Ramsey was innocent of such means. "Until you mentioned it, I didn't even know you could solve the puzzle with a computer," she said. "I know zilch about algorithms. And isn't that losing the whole point of a puzzle?"

After it was all over, she told the story of the seduction.

"As the weeks went on, it was on the counter in the kitchen, and I was spending longer and longer on it during the day," confessed Ramsey, the mother of a 2005 Cornell graduate, from her Long Island home. "I said, you know, I'm not stopping here -- this is not going to beat me. I'm not stupid. I can solve this. By then, I wanted to get it done because it was just consuming my life."

She reduced her daughter's erasers to piles of dust.

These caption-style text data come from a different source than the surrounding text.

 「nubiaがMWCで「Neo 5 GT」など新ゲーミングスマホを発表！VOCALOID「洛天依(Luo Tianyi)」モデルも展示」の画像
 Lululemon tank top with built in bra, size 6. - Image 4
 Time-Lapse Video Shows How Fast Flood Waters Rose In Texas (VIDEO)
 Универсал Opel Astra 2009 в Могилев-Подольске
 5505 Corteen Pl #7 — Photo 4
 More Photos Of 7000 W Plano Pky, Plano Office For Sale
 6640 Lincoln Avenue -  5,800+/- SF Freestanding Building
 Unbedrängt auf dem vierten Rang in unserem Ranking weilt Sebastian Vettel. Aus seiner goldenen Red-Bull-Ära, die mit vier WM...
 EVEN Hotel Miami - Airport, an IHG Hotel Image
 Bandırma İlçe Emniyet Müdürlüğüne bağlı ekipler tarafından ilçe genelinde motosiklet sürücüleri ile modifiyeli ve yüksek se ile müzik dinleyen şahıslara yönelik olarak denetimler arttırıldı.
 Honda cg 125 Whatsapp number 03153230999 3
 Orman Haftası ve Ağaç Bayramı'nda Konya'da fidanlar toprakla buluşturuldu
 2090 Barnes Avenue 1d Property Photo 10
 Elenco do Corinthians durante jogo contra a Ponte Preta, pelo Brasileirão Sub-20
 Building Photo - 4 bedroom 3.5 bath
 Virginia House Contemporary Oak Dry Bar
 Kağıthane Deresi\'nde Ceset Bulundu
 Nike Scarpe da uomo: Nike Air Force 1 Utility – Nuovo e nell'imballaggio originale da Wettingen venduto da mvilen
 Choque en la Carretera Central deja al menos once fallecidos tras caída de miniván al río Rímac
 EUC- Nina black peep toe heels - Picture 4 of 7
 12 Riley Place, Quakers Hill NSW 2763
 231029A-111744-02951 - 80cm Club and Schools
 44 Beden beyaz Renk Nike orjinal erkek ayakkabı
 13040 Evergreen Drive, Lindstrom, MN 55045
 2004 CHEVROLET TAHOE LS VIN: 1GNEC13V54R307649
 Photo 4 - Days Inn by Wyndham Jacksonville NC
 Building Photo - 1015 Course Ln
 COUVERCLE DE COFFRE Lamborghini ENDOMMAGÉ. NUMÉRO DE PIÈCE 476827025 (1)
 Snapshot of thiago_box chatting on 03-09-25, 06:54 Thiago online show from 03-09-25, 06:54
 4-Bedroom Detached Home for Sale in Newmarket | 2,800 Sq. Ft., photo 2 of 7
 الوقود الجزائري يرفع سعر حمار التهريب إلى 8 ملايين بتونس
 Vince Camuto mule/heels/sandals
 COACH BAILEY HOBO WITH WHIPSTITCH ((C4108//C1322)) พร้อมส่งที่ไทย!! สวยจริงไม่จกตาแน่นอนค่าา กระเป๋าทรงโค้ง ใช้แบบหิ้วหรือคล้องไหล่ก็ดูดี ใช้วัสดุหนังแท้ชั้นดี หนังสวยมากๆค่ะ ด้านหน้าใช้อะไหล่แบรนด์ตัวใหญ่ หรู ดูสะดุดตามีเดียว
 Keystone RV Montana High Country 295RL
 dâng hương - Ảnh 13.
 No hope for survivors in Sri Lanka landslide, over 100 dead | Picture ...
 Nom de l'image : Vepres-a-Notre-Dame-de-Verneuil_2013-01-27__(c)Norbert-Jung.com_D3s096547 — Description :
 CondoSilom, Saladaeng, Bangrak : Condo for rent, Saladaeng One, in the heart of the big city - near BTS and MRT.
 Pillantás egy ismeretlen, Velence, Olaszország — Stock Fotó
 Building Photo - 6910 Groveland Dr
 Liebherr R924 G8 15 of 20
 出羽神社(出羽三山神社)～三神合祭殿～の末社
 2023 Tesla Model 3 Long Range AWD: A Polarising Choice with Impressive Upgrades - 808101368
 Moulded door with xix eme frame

She began to obsess over strategies.

When Elser devised the giant Sudoku puzzle, he didn't really think anyone would be able to solve it. "I'm pleasantly surprised," he said.

Not to mention impressed. Multiply by 1 billion the time it would take an average computer (not Fowler's snazzy Pentium) to do the task (Elser estimates this is a fair ratio of computer-to-human solving time) -- and you get . . . well, a really long time.

"We're talking about a very determined person," Elser said of Ramsey.

"It was a lot of fun," said Ramsey. "It was frustrating, it was aggravating, it was time consuming. But that's what a puzzle is. It was fun at the end to put in that last letter and know I'm done."

So -- what now? Is she done with the ho-hum nine-by-nine puzzles in the newspaper? Or has the triumph quenched her Sudoku appetite once and for all?

Nope. And to Veit Elser, she has a challenge of her own.

"I hope he comes up with a bigger and better one."